### [WHAT TO DO]
Each entry below should be retyped exactly as given.
[Opening INPUT DATA section]
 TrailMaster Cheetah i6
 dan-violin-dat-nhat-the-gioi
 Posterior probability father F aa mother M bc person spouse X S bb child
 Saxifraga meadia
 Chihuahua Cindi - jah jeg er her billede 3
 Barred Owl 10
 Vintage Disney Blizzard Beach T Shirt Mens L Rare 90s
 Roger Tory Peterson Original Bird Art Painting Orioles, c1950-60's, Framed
[Closing INPUT DATA section]
### [RESPONSE TO THE TASK]
 TrailMaster Cheetah i6
 dan-violin-dat-nhat-the-gioi
 Posterior probability father F aa mother M bc person spouse X S bb child
 Saxifraga meadia
 Chihuahua Cindi - jah jeg er her billede 3
 Barred Owl 10
 Vintage Disney Blizzard Beach T Shirt Mens L Rare 90s
 Roger Tory Peterson Original Bird Art Painting Orioles, c1950-60's, Framed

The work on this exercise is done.